__Exercise aim__
Within the listing below, how many lines contain the word "Wall"? Answer with the number only.

- - - - -

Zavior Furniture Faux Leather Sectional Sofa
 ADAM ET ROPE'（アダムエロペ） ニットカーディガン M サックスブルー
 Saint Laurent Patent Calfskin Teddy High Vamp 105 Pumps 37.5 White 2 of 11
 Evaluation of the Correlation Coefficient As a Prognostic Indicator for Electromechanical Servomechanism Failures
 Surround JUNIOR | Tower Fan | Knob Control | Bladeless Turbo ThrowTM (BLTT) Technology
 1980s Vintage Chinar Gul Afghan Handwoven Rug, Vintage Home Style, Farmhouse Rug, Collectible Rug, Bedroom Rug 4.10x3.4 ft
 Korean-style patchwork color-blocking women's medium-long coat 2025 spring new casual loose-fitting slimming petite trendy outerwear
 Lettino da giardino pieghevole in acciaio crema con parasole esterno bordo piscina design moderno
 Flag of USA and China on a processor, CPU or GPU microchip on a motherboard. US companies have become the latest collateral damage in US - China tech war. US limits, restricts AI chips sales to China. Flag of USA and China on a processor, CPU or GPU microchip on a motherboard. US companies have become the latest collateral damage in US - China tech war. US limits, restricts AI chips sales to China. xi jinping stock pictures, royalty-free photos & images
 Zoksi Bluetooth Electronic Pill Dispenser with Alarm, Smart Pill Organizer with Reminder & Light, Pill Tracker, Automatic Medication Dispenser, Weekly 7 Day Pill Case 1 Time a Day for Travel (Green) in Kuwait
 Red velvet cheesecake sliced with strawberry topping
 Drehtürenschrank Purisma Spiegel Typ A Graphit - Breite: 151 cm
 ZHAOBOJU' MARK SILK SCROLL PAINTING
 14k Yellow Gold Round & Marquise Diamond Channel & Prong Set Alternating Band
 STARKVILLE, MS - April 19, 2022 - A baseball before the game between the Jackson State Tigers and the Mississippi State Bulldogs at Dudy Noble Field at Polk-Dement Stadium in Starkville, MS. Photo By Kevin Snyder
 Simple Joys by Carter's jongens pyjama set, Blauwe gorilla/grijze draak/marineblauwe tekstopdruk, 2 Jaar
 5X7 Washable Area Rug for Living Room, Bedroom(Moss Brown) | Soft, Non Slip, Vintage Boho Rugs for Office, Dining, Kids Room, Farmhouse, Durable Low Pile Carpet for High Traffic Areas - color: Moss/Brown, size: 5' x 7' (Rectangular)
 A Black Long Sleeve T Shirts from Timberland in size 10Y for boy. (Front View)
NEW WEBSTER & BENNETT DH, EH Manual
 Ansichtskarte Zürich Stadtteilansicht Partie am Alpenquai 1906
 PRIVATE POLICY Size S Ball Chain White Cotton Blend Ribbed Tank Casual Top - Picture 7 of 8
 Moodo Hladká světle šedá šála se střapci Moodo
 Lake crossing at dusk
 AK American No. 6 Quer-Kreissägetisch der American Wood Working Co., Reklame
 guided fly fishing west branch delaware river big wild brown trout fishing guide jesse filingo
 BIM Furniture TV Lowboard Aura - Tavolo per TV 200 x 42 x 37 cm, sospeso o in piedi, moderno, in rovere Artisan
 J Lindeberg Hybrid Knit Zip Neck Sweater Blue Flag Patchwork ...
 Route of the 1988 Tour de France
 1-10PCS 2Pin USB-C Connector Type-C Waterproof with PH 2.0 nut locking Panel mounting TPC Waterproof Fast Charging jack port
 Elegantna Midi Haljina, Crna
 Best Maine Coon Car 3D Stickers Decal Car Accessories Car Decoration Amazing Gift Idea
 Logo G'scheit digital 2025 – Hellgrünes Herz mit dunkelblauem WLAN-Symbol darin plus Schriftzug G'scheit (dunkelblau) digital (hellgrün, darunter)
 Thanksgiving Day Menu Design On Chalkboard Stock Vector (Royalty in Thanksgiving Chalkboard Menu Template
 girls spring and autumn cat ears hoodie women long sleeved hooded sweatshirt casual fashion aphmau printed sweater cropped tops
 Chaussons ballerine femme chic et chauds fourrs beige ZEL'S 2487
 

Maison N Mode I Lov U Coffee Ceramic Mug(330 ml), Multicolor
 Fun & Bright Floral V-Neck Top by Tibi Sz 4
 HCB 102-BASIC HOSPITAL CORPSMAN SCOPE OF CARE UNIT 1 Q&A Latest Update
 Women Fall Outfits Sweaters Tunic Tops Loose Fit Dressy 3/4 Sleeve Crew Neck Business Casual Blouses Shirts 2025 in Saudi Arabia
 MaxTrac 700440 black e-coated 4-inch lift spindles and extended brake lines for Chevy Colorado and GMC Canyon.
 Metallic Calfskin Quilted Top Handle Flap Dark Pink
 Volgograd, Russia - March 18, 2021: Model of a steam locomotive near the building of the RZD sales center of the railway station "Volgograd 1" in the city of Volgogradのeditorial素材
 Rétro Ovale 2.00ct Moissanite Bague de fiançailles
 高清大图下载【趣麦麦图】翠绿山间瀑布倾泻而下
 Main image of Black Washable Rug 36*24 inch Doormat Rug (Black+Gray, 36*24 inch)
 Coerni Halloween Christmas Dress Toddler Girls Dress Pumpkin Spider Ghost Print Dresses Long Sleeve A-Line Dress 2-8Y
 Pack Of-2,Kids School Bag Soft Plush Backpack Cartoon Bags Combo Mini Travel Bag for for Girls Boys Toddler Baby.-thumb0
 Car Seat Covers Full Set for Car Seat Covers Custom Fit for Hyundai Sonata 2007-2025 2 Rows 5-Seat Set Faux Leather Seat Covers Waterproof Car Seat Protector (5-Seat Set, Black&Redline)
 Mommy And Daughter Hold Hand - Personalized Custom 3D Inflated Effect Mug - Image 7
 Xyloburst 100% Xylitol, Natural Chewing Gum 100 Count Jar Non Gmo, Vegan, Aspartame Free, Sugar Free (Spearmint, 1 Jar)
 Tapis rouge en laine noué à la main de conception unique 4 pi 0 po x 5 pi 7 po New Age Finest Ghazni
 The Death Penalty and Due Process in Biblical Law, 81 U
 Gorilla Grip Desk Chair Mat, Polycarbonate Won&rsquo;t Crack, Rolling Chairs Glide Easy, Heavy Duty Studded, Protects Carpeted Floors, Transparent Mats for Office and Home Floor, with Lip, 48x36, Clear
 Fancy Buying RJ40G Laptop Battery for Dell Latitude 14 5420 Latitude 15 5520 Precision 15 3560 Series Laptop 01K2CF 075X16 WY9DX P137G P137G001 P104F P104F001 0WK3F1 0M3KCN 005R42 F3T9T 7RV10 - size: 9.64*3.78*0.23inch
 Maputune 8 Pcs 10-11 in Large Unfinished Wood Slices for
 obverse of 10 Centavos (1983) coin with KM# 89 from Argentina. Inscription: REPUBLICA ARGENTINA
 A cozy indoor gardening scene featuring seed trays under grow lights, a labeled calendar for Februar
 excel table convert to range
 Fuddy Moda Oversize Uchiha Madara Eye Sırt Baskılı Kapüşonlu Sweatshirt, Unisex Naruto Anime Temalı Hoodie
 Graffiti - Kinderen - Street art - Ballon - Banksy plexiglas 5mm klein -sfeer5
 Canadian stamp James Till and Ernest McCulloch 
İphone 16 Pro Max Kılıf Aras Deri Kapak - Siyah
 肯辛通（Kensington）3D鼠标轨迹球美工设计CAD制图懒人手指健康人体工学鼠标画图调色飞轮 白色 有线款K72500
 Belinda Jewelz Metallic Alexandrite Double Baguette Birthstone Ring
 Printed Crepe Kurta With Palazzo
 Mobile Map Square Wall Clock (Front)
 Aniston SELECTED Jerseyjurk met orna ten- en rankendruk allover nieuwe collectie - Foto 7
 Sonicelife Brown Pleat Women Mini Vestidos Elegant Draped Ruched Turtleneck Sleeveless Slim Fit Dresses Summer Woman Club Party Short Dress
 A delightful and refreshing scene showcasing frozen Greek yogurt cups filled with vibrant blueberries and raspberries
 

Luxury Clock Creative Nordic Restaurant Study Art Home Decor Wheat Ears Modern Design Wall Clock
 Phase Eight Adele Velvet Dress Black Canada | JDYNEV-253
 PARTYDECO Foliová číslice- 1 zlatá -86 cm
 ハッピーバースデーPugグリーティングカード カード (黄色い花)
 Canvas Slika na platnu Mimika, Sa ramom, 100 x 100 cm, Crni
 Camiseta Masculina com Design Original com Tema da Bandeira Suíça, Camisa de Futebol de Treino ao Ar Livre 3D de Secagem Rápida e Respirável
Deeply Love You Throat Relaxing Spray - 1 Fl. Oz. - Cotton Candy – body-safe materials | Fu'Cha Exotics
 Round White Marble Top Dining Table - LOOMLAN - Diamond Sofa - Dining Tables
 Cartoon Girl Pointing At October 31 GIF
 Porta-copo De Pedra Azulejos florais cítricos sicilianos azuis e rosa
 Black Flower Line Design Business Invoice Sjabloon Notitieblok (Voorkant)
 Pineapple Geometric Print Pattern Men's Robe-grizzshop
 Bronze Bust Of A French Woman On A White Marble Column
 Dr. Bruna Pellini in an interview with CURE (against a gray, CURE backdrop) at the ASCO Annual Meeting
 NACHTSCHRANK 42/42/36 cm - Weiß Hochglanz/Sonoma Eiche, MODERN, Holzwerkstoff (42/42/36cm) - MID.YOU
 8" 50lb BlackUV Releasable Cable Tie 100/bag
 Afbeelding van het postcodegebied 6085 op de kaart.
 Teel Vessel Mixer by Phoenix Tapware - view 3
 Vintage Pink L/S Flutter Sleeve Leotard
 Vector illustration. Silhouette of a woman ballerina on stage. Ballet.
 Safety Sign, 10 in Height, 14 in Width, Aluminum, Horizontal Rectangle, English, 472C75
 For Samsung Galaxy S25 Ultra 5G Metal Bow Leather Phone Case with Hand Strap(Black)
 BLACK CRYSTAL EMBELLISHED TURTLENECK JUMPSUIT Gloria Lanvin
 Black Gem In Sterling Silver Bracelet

- - - - -

__Answer space__
2